The better approach is to use CLI.
For Brocade:
switchshow
To find a WWPN:
nodefind <WWPN>
To check port details:
portshow <port-number>
CLI is usually faster, more reliable, and more useful for documentation.
Recommended SAN Documentation Table
Before creating a diagram, create a table like this:
| Device Type | Device Name | Adapter/SP Port | WWPN | FC Switch | Switch Port | Status |
|---|---|---|---|---|---|---|
| ESXi Host | ESXi-01 | vmhba3 | WWPN | FC-SW01 | 14 | Online |
| ESXi Host | ESXi-01 | vmhba4 | WWPN | FC-SW02 | 14 | Online |
| Storage | SAN-01 | SP A Port 2 | WWPN | FC-SW01 | 0 | Online |
| Storage | SAN-01 | SP B Port 3 | WWPN | FC-SW02 | 4 | Online |
After this table is complete, drawing the SAN diagram becomes much easier.

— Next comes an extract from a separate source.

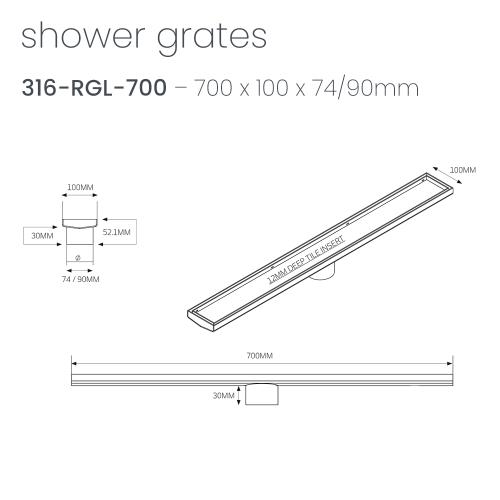  - Brushed Gold Shower Channel - 700mm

Best Practice: Label Cables After Mapping
If the SAN cables are not labeled, avoid unplugging or tracing them during production hours.
Instead:
- Collect ESXi HBA WWPNs.
- Collect FC switch login information.
- Collect storage port WWNs.
- Match everything logically.
- Build the documentation table.
- Physically verify unclear ports only.
- Label both ends of the cables.
Recommended cable labels:
ESXi-01 vmhba3 ↔ FC-SW01 Port 14
ESXi-01 vmhba4 ↔ FC-SW02 Port 14
SAN-01 SP A-2 ↔ FC-SW01 Port 0
SAN-01 SP B-3 ↔ FC-SW02 Port 4
This makes future troubleshooting much easier.
Final Summary
Hyperconverged infrastructure and traditional SAN storage solve similar problems in different ways.

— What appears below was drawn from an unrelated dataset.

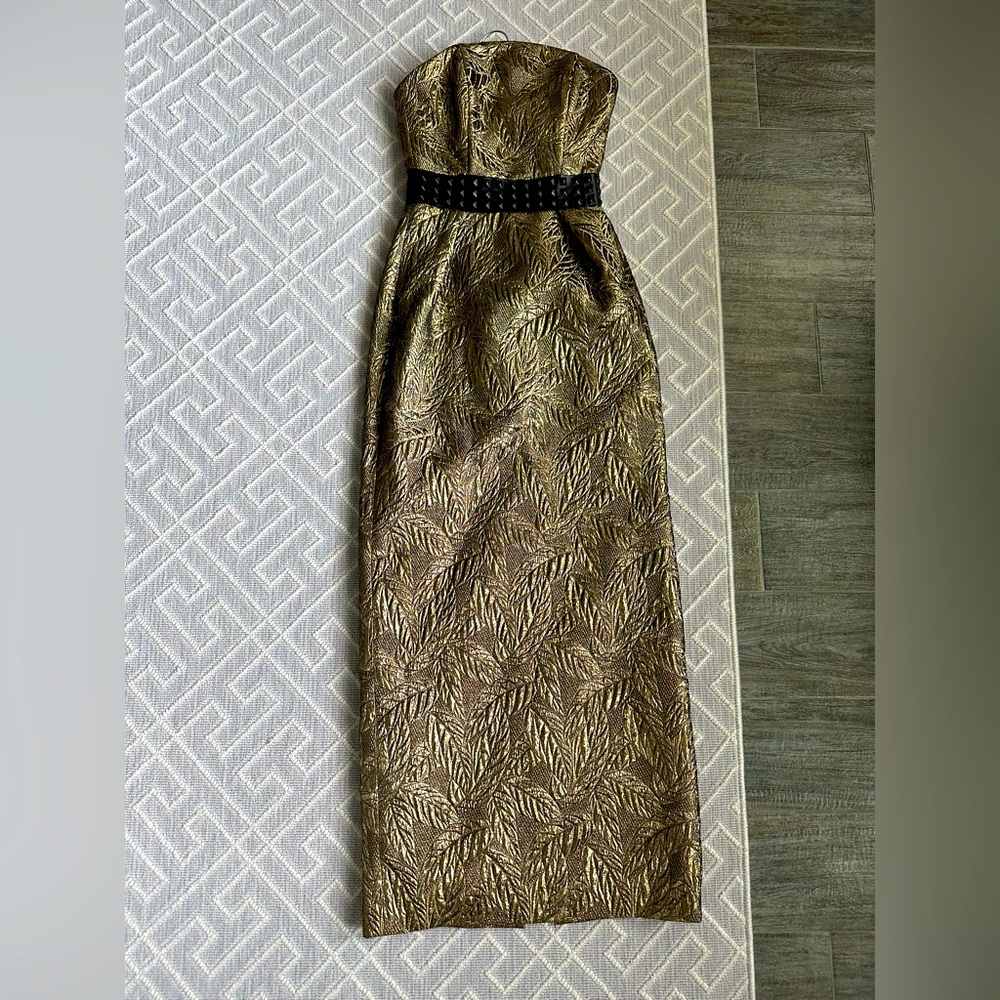 Nha Bhanh Gold Strapless Dress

In a traditional SAN environment:
ESXi hosts use external shared storage
In an HCI environment:
ESXi or another hypervisor uses distributed storage from the local disks inside the nodes
vCenter manages VMware, but it does not provide the storage layer. In a Nutanix environment running ESXi, Nutanix provides the distributed storage, while vCenter manages the VMware hosts and VMs.
For SAN high availability, you need multiple layers:
Dual controllers
+ RAID
+ redundant FC switches
+ multiple host HBAs
+ multipathing
+ redundant power
+ backup and replication
For SAN physical documentation, do not start by tracing cables manually. Use WWPNs from vSphere, FC switch login tables, and SAN storage port information to build the map logically.
This approach is safer, faster, and more accurate.